Try it
Exactly the lines from the beginning of the listing below through the line that contains "über Macrons Ukraine-Vorstoß" should be transcribed, and pictures must stay out.

Provided data
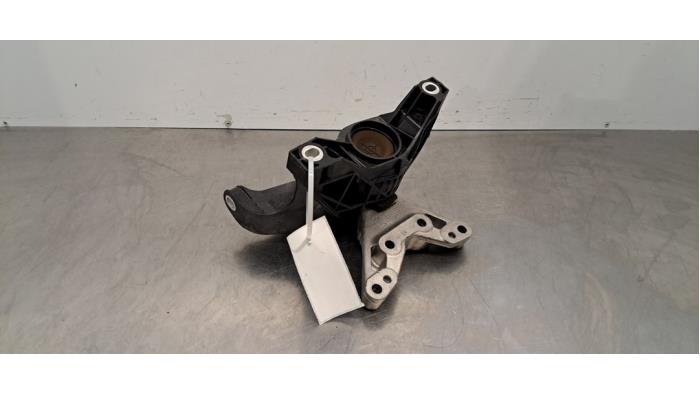 Support moteur Peugeot 5008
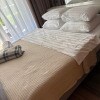 https://cdn-ostrovok-ru-ion.test.edgekey.net/t/100x100/hotel_review/92/25/9225272fee347c82f047b4eb4c2d01deddfae064.JPEG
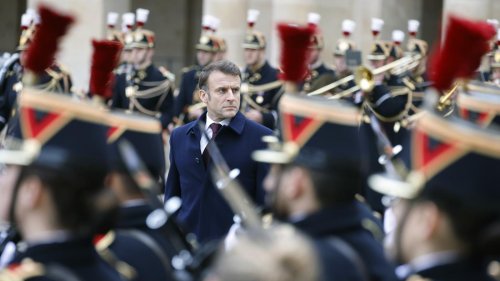 „Wahnsinn“, „unverantwortlicher Leichtsinn“: Frankreichs Politik ist entsetzt über Macrons Ukraine-Vorstoß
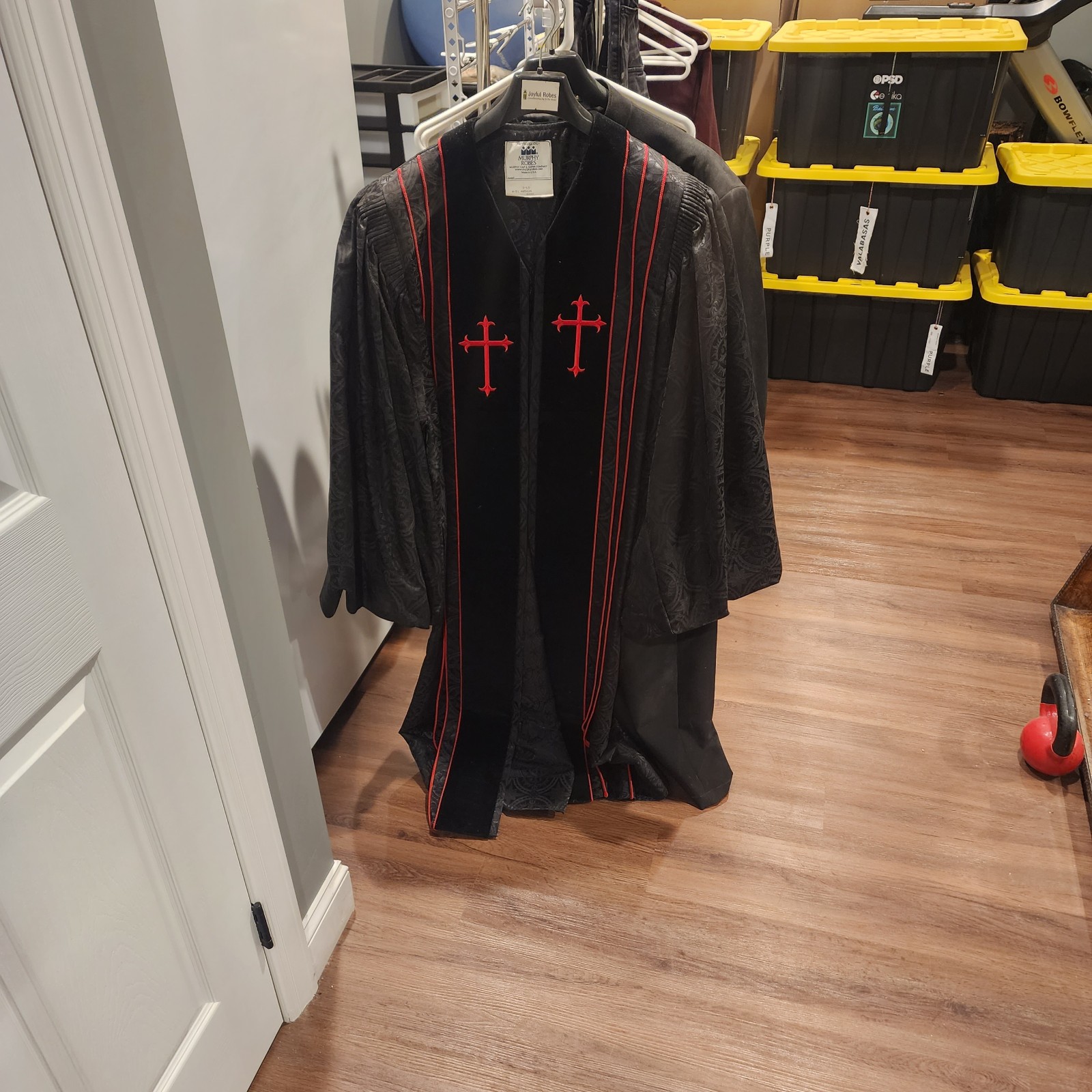 Mens doctoral pulpit robe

Exercise result
 Support moteur Peugeot 5008
 https://cdn-ostrovok-ru-ion.test.edgekey.net/t/100x100/hotel_review/92/25/9225272fee347c82f047b4eb4c2d01deddfae064.JPEG
 „Wahnsinn“, „unverantwortlicher Leichtsinn“: Frankreichs Politik ist entsetzt über Macrons Ukraine-Vorstoß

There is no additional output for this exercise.